# Instructions to follow
Find each line of the entries with the string "Face", please, and copy it.

::: Data to use

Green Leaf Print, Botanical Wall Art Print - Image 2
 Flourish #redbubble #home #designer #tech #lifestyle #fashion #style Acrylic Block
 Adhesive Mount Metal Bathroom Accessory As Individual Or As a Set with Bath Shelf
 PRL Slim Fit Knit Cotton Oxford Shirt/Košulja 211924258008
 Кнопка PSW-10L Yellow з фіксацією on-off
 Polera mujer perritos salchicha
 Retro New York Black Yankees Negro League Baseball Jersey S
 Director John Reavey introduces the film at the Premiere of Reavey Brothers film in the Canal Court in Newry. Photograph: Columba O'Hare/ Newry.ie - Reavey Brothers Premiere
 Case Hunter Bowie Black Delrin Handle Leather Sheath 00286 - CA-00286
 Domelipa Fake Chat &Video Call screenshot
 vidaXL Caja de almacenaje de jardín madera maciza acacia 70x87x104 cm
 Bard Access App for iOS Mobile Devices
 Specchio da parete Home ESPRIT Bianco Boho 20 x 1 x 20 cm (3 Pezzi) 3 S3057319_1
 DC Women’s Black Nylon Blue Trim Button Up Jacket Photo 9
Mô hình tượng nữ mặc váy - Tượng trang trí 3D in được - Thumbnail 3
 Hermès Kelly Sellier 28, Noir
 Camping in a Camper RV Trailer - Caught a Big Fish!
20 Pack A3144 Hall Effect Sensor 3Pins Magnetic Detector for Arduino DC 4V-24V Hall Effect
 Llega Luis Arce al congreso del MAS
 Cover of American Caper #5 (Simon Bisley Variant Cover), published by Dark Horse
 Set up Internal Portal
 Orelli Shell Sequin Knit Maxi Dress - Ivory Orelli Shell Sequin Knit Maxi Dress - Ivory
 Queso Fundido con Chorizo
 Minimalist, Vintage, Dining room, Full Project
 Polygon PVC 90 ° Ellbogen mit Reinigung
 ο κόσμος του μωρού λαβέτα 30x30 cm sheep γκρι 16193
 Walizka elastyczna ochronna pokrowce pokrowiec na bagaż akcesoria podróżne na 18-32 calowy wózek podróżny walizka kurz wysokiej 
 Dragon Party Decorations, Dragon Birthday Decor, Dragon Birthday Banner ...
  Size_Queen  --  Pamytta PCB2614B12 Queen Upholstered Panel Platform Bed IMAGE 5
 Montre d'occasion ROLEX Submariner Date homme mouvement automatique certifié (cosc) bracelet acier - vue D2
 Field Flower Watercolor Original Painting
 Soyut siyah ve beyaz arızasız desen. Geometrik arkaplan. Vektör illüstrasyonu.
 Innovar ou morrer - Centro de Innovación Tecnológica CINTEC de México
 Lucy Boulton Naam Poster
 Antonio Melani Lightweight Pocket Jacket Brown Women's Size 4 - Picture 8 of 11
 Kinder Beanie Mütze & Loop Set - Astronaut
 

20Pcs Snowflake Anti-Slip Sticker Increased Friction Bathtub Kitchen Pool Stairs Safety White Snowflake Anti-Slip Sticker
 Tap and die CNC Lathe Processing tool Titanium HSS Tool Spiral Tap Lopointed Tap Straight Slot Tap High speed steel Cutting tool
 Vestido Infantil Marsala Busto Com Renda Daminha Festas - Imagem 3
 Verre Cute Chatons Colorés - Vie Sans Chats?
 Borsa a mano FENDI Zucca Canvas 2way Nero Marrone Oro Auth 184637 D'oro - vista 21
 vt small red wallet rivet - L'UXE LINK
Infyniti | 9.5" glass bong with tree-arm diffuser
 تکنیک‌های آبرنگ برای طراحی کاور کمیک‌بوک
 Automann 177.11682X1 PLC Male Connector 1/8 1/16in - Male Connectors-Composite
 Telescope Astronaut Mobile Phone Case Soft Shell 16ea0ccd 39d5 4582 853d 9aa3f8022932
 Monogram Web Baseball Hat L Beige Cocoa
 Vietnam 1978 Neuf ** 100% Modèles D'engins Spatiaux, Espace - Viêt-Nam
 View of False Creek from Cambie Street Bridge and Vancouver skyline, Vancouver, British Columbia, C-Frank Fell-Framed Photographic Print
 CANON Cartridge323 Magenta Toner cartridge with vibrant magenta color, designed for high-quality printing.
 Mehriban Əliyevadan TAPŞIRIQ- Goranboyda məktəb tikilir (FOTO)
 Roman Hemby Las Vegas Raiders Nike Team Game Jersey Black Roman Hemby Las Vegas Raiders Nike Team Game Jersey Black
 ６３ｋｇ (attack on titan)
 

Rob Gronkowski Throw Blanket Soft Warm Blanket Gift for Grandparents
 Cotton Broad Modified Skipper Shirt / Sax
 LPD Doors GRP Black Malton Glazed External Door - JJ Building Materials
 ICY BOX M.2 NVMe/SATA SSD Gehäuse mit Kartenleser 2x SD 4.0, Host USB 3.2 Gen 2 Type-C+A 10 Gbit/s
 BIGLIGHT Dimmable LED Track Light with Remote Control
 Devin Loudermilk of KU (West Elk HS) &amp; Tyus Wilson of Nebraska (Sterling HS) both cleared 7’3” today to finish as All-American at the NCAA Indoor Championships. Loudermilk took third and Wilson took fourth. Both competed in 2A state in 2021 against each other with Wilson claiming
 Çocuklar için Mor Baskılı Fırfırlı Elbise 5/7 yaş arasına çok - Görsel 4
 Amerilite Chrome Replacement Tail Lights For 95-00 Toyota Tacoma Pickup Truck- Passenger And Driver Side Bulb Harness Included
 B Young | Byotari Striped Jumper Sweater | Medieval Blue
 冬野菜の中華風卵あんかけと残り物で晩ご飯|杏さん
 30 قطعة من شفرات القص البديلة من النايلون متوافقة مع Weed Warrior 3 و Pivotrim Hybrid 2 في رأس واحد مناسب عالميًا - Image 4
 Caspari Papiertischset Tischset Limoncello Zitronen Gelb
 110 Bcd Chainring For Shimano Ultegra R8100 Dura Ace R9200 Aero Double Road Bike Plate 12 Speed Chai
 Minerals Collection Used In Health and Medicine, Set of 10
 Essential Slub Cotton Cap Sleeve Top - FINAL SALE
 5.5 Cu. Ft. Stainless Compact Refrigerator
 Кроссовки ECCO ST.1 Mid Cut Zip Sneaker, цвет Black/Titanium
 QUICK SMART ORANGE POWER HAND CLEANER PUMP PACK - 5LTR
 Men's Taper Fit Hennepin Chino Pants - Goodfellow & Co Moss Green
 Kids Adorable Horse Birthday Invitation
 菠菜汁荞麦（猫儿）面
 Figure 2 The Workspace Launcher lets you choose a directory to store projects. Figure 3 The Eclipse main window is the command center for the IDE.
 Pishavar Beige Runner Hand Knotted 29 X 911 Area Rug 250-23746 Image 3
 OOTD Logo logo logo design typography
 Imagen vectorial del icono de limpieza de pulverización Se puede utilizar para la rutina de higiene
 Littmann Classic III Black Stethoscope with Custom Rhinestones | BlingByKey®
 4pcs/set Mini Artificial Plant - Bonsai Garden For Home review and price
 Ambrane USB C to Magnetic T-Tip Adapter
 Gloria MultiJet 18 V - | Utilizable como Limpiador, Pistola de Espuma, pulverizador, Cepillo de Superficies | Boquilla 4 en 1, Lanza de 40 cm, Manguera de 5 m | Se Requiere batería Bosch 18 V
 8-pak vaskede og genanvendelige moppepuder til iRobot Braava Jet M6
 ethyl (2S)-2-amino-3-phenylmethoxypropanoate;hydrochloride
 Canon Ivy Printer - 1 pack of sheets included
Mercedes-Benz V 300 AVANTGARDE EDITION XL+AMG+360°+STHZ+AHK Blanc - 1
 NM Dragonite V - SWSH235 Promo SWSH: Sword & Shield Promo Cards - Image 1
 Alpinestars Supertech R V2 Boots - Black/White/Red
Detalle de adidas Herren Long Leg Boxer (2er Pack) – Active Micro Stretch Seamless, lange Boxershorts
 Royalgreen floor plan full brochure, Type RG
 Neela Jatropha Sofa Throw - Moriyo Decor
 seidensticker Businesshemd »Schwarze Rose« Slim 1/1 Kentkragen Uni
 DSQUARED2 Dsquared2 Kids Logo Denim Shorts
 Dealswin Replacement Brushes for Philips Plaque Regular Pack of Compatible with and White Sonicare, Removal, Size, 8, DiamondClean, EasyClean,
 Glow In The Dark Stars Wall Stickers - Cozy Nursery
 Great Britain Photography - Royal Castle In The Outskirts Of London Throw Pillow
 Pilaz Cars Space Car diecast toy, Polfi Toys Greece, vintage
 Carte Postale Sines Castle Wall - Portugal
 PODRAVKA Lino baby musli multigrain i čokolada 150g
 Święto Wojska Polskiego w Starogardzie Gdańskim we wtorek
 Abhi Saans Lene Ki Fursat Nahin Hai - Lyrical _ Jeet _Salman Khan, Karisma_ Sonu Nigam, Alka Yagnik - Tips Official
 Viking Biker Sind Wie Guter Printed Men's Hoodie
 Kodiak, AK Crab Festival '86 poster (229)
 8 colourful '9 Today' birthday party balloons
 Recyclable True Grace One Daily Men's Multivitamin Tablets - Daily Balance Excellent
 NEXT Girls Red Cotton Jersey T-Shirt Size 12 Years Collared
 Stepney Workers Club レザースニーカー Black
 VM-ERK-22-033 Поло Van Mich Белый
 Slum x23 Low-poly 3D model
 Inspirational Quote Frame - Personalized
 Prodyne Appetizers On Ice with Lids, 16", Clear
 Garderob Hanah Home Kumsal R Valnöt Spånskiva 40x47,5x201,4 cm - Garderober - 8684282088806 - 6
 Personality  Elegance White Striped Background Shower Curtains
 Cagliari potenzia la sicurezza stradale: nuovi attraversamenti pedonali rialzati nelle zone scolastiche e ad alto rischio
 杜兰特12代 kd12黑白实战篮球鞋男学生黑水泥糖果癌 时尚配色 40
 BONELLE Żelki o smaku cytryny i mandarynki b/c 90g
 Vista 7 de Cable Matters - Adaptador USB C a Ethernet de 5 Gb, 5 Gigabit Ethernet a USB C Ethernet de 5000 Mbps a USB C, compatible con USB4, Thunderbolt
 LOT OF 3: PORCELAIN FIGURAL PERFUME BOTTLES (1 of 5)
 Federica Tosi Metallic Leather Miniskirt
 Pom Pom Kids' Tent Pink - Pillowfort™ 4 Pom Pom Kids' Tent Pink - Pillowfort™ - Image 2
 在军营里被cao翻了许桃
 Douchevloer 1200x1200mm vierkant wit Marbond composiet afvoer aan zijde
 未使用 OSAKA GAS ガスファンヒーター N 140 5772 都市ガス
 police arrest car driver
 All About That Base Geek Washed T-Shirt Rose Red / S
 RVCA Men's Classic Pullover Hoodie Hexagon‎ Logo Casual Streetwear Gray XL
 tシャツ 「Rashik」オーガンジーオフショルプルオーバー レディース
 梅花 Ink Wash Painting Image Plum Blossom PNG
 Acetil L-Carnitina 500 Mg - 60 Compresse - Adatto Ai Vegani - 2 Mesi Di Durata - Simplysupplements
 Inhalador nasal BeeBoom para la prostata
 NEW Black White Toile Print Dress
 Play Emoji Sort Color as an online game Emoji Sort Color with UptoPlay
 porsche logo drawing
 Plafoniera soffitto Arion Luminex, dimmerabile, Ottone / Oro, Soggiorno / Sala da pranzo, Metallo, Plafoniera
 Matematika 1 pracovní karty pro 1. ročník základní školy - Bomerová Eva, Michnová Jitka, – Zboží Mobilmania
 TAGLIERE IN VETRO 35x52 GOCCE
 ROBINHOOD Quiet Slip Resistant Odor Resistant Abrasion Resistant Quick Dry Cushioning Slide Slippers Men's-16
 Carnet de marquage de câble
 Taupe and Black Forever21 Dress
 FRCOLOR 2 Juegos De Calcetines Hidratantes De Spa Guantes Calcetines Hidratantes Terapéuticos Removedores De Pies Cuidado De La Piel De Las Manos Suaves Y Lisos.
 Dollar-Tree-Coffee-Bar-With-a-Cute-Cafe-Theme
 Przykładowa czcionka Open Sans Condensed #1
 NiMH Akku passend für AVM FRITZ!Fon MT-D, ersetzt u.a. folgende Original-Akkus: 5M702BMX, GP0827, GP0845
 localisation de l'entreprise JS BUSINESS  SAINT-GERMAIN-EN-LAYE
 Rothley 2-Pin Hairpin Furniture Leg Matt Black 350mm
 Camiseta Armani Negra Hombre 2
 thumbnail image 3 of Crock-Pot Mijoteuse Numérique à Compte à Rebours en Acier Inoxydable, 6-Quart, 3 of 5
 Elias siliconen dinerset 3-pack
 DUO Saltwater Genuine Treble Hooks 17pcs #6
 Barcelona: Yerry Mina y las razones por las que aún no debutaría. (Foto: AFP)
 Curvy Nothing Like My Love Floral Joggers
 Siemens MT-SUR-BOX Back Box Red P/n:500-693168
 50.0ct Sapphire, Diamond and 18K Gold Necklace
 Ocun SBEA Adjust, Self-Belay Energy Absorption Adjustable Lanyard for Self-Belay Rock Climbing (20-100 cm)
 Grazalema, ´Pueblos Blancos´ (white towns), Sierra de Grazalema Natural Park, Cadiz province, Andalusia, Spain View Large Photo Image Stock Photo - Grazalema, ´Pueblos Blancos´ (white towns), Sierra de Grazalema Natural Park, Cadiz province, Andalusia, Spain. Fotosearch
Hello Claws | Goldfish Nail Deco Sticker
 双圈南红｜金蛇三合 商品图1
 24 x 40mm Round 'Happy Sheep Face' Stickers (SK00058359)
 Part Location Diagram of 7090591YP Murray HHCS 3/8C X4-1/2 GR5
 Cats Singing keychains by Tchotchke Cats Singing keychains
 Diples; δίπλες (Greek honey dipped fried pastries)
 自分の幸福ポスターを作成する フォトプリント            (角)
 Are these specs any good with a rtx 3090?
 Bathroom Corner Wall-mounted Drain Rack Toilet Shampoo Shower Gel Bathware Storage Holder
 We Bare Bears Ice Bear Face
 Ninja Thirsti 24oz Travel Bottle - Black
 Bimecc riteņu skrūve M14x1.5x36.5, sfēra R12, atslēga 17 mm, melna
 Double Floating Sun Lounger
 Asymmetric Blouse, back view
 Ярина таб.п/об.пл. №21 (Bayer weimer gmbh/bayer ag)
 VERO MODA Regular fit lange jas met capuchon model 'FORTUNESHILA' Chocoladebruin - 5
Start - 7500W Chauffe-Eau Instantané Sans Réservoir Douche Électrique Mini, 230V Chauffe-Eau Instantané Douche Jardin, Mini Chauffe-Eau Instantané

::::::

# Reply to the exercise
 24 x 40mm Round 'Happy Sheep Face' Stickers (SK00058359)
 We Bare Bears Ice Bear Face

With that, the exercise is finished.